- [EXERCISE INPUT]
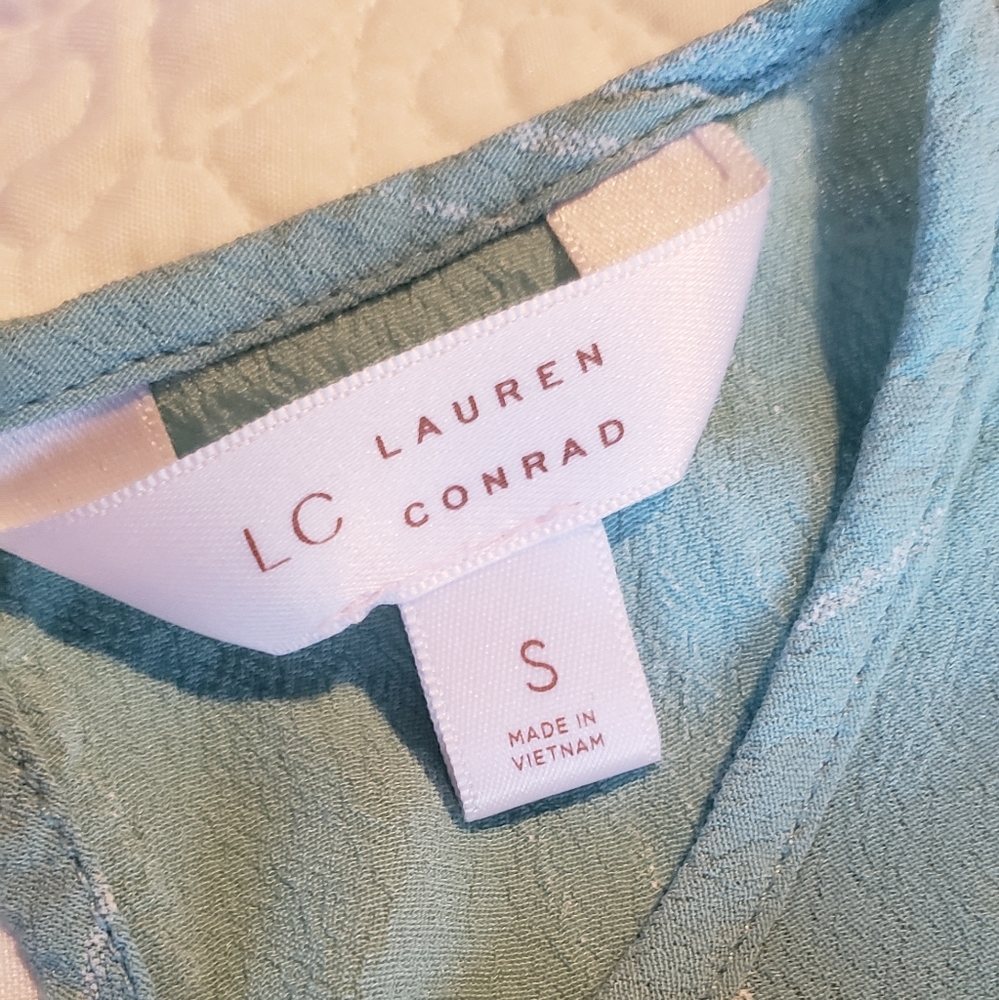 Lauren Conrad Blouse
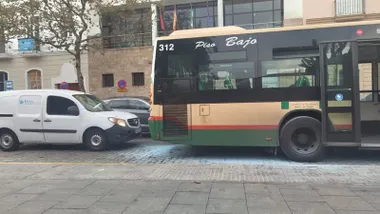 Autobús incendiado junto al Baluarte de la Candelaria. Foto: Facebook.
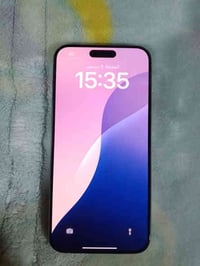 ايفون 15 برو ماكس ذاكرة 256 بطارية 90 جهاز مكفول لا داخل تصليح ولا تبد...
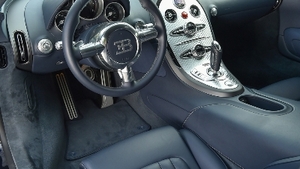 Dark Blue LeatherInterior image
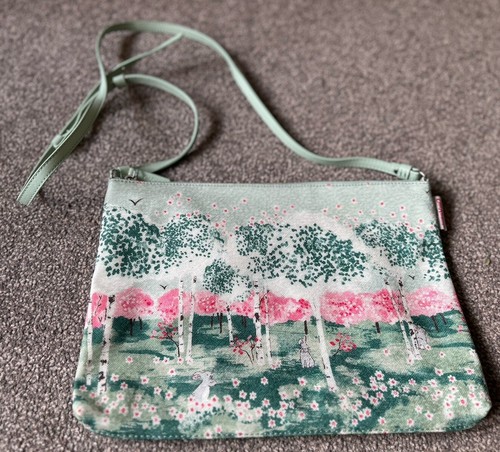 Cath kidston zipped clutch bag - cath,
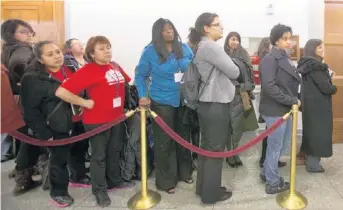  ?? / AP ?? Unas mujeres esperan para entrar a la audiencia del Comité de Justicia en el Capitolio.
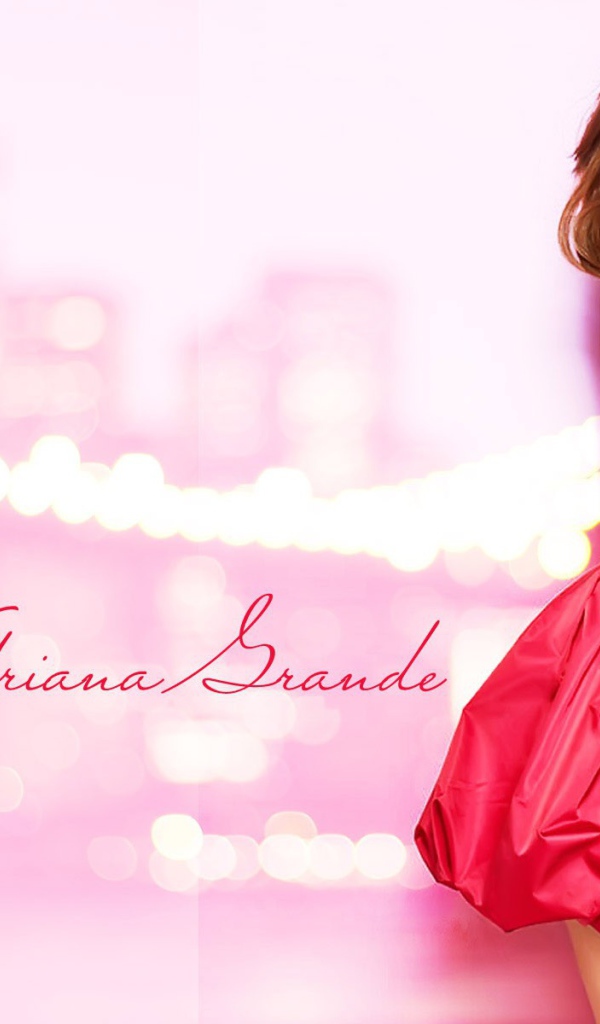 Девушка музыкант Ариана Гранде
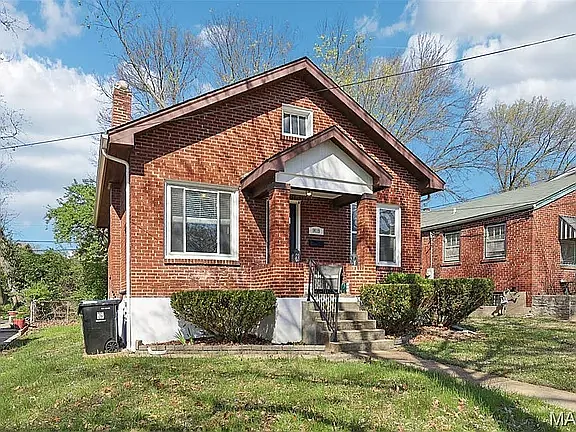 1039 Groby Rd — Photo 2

...

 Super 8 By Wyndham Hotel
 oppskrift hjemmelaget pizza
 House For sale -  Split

- [ACTIVITY]
All that belongs in the answer is the run of lines above from the line containing "oppskrift hjemmelaget pizza" through the line containing "House For sale", exactly as written.

- [EXERCISE OUTPUT]
 oppskrift hjemmelaget pizza
 House For sale -  Split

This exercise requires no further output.